These conditions drew the eye of many reformers who campaigned for change. By the turn of the 20th century, urban planning was employed to develop and improve city spaces. Following this, the Town and Country Planning Association was founded in 1899, and slum housing was removed in the early 1900s.
Industrialists utilised town planning to their advantage, with Unilever building Port Sunlight on the Wirral and Cadbury building Bournville in Birmingham. Facilitated by town planners, these communities prioritised open spaces and community health.
Designing New Settlements
Historically, town planners have designed many innovative settlements that influenced the environment around them. One such settlement was the idea of garden cities, founded by Ebenezer Howard in his 1898 book Garden Cities of Tomorrow. These cities would limit urban environments spilling over into the countryside by developing self-contained cities surrounded by greenbelts.
Found in towns such as Milton Keynes, Bournville Village, and Telford, garden cities proved popular in the United Kingdom.
Additional ideas, such as the linear city, saw cities formed around a single straight line. Here, amenities including parks, schools, and housing were placed on either side.
Addressing the Housing Crisis
Following the mass destruction of cities during the Second World War, there was a huge demand for housing. In 1947, the government issued a Town and Country Planning Act to nationalise land use and develop a planning system to deliver new housing. This became the foundation of the planning system widely used in this day and age.
Listening to Local People
As we tackle another housing crisis today, town planners need to develop new communities and make the best use of the space provided. They are required to write policies and assess where buildings should or should not go and make decisions regarding development applications.
The use of cars soared during post-war redevelopment, a development that needed to be addressed. The Buchanan Report, or Traffic in Towns, was published in 1963. The report influenced town planning in the United Kingdom as roads were developed and historic buildings were conserved to limit vehicular access.
This raised the question of whether the community should have a say in town planning.
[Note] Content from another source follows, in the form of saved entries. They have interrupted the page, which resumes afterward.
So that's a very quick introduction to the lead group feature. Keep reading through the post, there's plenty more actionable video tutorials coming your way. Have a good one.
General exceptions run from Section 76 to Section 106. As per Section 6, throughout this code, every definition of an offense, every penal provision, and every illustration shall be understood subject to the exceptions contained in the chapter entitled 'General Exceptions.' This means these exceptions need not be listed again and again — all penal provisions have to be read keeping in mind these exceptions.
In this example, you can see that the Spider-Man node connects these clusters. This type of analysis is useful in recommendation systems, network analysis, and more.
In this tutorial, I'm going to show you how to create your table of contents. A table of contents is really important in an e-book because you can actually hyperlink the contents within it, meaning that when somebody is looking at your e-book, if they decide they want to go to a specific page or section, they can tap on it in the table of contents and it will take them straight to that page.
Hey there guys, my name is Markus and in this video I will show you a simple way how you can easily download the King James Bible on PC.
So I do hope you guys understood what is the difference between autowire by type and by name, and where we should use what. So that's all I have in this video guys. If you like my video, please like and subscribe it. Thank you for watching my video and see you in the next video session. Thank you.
The 1969 Skeffington Report suggested that local development plans should be subject to debate and scrutiny. It further advised that residents should be informed of any planning that may take place in the local area.
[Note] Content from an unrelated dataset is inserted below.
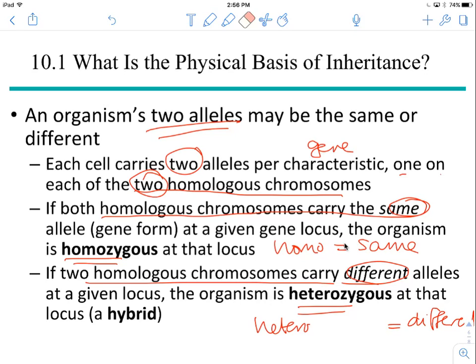The suffix '-zygous' sounds like zygote, doesn't it? That's worth filing away, because it does have something to do with the zygote.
Following this report, community engagement in town planning has improved. Residents can now view 3D planning models online and submit any comments or concerns they have.
Taking Action on Climate Change
Climate change has caused a shift in town planning from regeneration in the late 20th century to sustainability in the 21st. Growing populations and increasing production of greenhouse gases have led to environmental concerns that town planners can now address in their designs for new developments.
Planners need to balance new housing and town developments whilst also ensuring sustainability and longevity for the future.
Town planning is a complex but rewarding process that provides numerous benefits for the surrounding areas that it concerns. Planners have many innovative ways to positively influence local communities, whether through building new homes or improving traffic flow throughout the town.
Planners can either develop proposals for private clients and submit them for approval or work for councils and assess planning applications submitted by others. Both sides are monitored and governed by the Royal Town Planning Institutes (RTPI) royal charter.